§ LISTED ENTRIES
↓

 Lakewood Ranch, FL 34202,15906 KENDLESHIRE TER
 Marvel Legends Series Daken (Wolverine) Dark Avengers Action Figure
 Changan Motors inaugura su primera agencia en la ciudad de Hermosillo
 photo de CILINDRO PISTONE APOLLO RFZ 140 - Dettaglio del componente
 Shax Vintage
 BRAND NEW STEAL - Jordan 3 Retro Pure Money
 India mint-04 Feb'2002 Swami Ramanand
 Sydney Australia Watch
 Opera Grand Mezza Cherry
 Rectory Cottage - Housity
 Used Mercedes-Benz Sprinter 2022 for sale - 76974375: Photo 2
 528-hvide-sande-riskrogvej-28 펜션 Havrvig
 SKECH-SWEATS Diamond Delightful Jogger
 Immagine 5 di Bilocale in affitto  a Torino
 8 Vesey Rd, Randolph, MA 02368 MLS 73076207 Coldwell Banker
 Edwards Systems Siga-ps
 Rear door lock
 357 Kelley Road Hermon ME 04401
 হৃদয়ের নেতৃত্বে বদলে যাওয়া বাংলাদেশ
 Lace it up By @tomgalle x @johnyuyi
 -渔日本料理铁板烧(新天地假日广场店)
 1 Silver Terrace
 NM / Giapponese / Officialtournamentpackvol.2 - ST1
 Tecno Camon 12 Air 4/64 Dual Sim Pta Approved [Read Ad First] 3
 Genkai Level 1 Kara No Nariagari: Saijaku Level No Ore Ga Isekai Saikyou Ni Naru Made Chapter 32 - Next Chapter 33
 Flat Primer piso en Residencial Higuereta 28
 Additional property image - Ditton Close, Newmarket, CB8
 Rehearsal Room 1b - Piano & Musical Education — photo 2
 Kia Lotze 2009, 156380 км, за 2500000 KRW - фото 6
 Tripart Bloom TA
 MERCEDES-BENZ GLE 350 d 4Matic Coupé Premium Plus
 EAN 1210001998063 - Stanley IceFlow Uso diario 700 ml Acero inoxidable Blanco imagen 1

↑

§ EXERCISE INSTRUCTIONS
Reproduce the data in full, exactly.

§ TASK RESULT
 Lakewood Ranch, FL 34202,15906 KENDLESHIRE TER
 Marvel Legends Series Daken (Wolverine) Dark Avengers Action Figure
 Changan Motors inaugura su primera agencia en la ciudad de Hermosillo
 photo de CILINDRO PISTONE APOLLO RFZ 140 - Dettaglio del componente
 Shax Vintage
 BRAND NEW STEAL - Jordan 3 Retro Pure Money
 India mint-04 Feb'2002 Swami Ramanand
 Sydney Australia Watch
 Opera Grand Mezza Cherry
 Rectory Cottage - Housity
 Used Mercedes-Benz Sprinter 2022 for sale - 76974375: Photo 2
 528-hvide-sande-riskrogvej-28 펜션 Havrvig
 SKECH-SWEATS Diamond Delightful Jogger
 Immagine 5 di Bilocale in affitto  a Torino
 8 Vesey Rd, Randolph, MA 02368 MLS 73076207 Coldwell Banker
 Edwards Systems Siga-ps
 Rear door lock
 357 Kelley Road Hermon ME 04401
 হৃদয়ের নেতৃত্বে বদলে যাওয়া বাংলাদেশ
 Lace it up By @tomgalle x @johnyuyi
 -渔日本料理铁板烧(新天地假日广场店)
 1 Silver Terrace
 NM / Giapponese / Officialtournamentpackvol.2 - ST1
 Tecno Camon 12 Air 4/64 Dual Sim Pta Approved [Read Ad First] 3
 Genkai Level 1 Kara No Nariagari: Saijaku Level No Ore Ga Isekai Saikyou Ni Naru Made Chapter 32 - Next Chapter 33
 Flat Primer piso en Residencial Higuereta 28
 Additional property image - Ditton Close, Newmarket, CB8
 Rehearsal Room 1b - Piano & Musical Education — photo 2
 Kia Lotze 2009, 156380 км, за 2500000 KRW - фото 6
 Tripart Bloom TA
 MERCEDES-BENZ GLE 350 d 4Matic Coupé Premium Plus
 EAN 1210001998063 - Stanley IceFlow Uso diario 700 ml Acero inoxidable Blanco imagen 1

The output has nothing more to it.